After the bins were installed, operators found that they could not use all of the new storage capacity because glass quality deteriorated when the bins were drawn down. Upon investigation, plant engineers determined that the problems were the result of changes in batch composition that could be traced to segregation [220K QuickTime video] in the batch storage bins. To avoid production problems, the bins had to be kept at least 50% full, and operators attempted to keep the bins topped off to maximize the available surge capacity.

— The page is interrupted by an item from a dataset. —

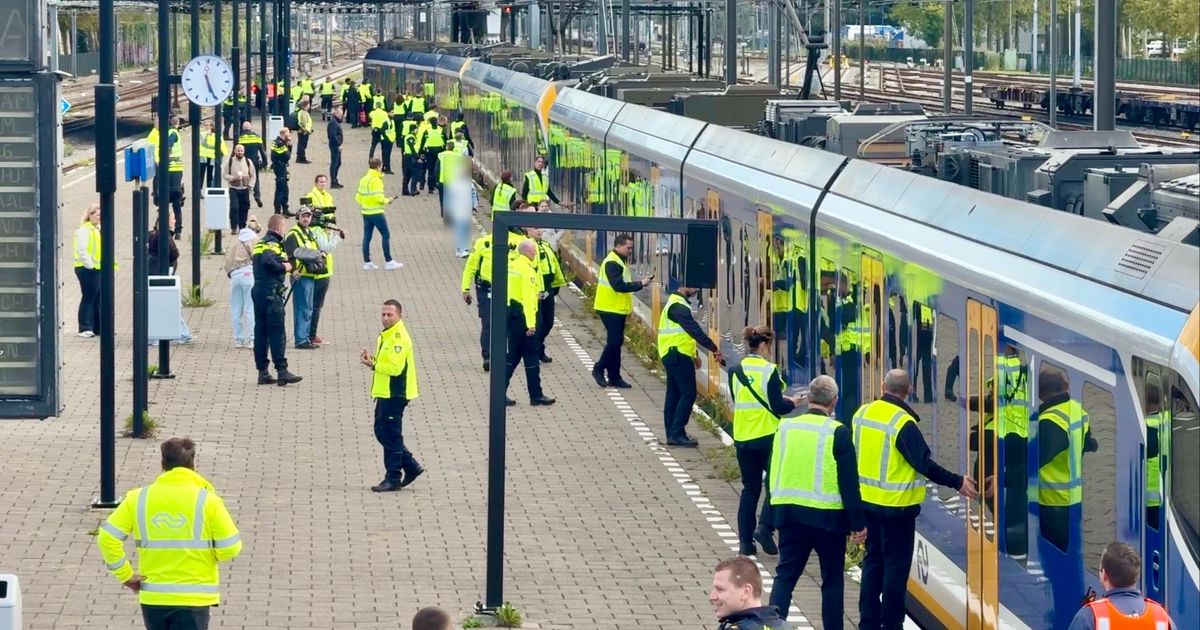 Veel controleurs en politie bij grote actie tegen zwartrijders: 'Er is behoorlijk wat overlast'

After reading an article in one of our newsletters describing the BINSERT® and how it can be used to control segregation, an engineer in Owens-Illinois' Toledo office contacted us for assistance in solving the segregation problem. One of our engineers visited the plant to investigate the problem firsthand. Each of the existing storage bins consisted of an 8 ft. diameter by 17 ft. tall cylinder on top of a conical hopper that converged at 20° from vertical to a 16 in. diameter opening. The hopper contained an inverted conical insert located just below the cylinder-to-hopper transition (see sketch).

Observation of the top surface of the material in one of the bins revealed a fast, central flow channel typical of a funnel flow pattern. Inverted inserts, such as the one used in these bins, are often used to expand the flow channel in a bin in an effort to achieve more uniform flow. In this case, however, the insert was too small and placed too far from the outlet to be of any benefit.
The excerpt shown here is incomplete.